▶ **Description of the task**: Only the lines from the start of the material through the line containing "TSUTAYA限定 グラフ1000 クリアイエロー軸 0.5㎜ - メルカリ" are to be extracted, exactly as they appear.

▶ **Records supplied**:
- Opening Delimiter -

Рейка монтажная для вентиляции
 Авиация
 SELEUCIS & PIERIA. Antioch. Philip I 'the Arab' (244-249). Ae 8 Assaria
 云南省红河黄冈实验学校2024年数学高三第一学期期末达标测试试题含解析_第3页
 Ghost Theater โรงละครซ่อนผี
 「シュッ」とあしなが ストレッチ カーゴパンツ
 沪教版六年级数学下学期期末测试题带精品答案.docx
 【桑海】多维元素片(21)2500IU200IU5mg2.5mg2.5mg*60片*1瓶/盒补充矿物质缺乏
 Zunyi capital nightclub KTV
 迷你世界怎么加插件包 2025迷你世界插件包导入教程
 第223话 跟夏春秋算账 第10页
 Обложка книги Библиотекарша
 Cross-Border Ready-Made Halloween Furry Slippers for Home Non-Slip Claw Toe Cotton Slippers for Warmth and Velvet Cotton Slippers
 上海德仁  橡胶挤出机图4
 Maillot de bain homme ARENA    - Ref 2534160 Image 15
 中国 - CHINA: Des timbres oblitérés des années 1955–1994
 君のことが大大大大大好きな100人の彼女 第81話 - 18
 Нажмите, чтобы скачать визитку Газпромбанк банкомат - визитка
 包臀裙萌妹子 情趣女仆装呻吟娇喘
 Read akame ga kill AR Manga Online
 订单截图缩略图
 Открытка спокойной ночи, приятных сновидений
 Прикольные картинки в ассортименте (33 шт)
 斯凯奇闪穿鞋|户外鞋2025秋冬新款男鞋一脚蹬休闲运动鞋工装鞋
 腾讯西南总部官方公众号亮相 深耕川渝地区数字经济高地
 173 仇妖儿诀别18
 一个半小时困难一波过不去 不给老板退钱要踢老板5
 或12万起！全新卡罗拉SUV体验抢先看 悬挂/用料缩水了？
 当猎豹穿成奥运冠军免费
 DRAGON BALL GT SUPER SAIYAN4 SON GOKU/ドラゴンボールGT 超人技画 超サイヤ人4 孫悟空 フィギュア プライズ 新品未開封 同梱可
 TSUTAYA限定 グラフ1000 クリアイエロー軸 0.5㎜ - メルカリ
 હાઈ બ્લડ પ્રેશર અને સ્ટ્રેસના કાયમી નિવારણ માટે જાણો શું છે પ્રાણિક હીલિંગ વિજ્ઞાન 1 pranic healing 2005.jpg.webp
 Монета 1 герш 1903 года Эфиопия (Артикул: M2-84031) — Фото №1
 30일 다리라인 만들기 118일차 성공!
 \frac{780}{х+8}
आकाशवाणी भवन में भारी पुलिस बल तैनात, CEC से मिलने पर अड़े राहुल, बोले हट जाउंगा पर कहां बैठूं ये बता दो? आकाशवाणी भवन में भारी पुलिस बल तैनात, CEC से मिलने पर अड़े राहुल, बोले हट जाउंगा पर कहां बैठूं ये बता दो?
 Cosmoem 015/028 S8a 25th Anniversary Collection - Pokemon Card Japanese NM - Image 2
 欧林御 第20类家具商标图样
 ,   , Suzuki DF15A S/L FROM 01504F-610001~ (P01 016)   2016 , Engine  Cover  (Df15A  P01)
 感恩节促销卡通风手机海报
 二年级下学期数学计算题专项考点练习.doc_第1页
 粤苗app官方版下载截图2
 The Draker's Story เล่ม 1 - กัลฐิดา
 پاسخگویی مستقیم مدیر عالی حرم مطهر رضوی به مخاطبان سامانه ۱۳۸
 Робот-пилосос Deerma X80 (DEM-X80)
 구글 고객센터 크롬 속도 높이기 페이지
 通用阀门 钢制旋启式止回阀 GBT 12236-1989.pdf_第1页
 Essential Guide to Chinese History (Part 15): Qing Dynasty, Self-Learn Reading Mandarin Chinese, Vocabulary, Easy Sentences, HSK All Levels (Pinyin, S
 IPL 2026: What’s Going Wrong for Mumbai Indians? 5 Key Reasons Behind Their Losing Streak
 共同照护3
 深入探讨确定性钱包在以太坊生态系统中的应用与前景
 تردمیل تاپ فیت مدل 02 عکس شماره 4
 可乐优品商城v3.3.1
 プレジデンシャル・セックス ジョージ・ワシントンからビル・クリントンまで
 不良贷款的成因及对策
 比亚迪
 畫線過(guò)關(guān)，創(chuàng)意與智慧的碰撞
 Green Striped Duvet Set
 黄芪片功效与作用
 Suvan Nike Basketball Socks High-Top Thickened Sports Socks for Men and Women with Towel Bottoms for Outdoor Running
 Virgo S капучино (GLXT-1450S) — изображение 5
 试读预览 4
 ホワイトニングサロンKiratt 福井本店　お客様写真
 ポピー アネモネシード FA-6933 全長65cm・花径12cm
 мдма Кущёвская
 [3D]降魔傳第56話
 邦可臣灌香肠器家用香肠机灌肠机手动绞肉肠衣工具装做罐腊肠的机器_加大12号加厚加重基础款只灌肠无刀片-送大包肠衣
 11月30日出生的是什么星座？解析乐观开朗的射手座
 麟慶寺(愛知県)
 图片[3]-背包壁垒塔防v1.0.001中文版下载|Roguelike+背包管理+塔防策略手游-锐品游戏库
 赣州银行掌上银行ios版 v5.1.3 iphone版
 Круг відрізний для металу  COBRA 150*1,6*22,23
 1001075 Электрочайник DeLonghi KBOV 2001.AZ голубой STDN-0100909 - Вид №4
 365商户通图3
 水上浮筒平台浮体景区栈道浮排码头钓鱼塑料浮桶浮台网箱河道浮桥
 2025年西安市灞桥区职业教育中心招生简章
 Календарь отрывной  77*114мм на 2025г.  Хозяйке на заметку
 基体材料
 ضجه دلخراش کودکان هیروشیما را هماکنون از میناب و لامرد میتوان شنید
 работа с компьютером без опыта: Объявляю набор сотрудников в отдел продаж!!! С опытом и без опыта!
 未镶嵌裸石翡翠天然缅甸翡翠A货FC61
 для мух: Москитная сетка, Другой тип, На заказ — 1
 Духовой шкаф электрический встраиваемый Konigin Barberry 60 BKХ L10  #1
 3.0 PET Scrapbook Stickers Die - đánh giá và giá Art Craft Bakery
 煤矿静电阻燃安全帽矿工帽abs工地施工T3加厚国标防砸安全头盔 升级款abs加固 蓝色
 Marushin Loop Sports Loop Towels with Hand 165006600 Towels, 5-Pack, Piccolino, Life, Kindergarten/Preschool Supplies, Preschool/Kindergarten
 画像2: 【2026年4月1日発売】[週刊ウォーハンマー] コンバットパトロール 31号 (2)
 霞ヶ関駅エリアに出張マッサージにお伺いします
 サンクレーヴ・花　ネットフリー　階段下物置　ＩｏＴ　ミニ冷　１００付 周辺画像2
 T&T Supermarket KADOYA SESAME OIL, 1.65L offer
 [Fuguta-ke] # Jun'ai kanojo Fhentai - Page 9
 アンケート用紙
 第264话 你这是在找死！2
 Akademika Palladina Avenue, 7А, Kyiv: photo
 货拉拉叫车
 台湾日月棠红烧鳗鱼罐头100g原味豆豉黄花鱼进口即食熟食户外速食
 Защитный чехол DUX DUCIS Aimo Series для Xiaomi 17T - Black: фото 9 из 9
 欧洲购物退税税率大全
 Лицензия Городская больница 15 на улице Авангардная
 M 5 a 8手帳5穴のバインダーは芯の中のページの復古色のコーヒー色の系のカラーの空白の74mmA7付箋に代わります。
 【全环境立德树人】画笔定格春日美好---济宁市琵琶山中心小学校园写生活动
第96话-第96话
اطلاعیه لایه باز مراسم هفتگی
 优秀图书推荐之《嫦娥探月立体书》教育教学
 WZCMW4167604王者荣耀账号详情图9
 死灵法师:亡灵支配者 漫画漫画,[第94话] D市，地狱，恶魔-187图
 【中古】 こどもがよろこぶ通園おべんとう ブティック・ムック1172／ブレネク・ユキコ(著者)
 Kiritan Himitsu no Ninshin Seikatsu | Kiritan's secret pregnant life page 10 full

- Closing Delimiter -

▶ **Result for this task**:
Рейка монтажная для вентиляции
 Авиация
 SELEUCIS & PIERIA. Antioch. Philip I 'the Arab' (244-249). Ae 8 Assaria
 云南省红河黄冈实验学校2024年数学高三第一学期期末达标测试试题含解析_第3页
 Ghost Theater โรงละครซ่อนผี
 「シュッ」とあしなが ストレッチ カーゴパンツ
 沪教版六年级数学下学期期末测试题带精品答案.docx
 【桑海】多维元素片(21)2500IU200IU5mg2.5mg2.5mg*60片*1瓶/盒补充矿物质缺乏
 Zunyi capital nightclub KTV
 迷你世界怎么加插件包 2025迷你世界插件包导入教程
 第223话 跟夏春秋算账 第10页
 Обложка книги Библиотекарша
 Cross-Border Ready-Made Halloween Furry Slippers for Home Non-Slip Claw Toe Cotton Slippers for Warmth and Velvet Cotton Slippers
 上海德仁  橡胶挤出机图4
 Maillot de bain homme ARENA    - Ref 2534160 Image 15
 中国 - CHINA: Des timbres oblitérés des années 1955–1994
 君のことが大大大大大好きな100人の彼女 第81話 - 18
 Нажмите, чтобы скачать визитку Газпромбанк банкомат - визитка
 包臀裙萌妹子 情趣女仆装呻吟娇喘
 Read akame ga kill AR Manga Online
 订单截图缩略图
 Открытка спокойной ночи, приятных сновидений
 Прикольные картинки в ассортименте (33 шт)
 斯凯奇闪穿鞋|户外鞋2025秋冬新款男鞋一脚蹬休闲运动鞋工装鞋
 腾讯西南总部官方公众号亮相 深耕川渝地区数字经济高地
 173 仇妖儿诀别18
 一个半小时困难一波过不去 不给老板退钱要踢老板5
 或12万起！全新卡罗拉SUV体验抢先看 悬挂/用料缩水了？
 当猎豹穿成奥运冠军免费
 DRAGON BALL GT SUPER SAIYAN4 SON GOKU/ドラゴンボールGT 超人技画 超サイヤ人4 孫悟空 フィギュア プライズ 新品未開封 同梱可
 TSUTAYA限定 グラフ1000 クリアイエロー軸 0.5㎜ - メルカリ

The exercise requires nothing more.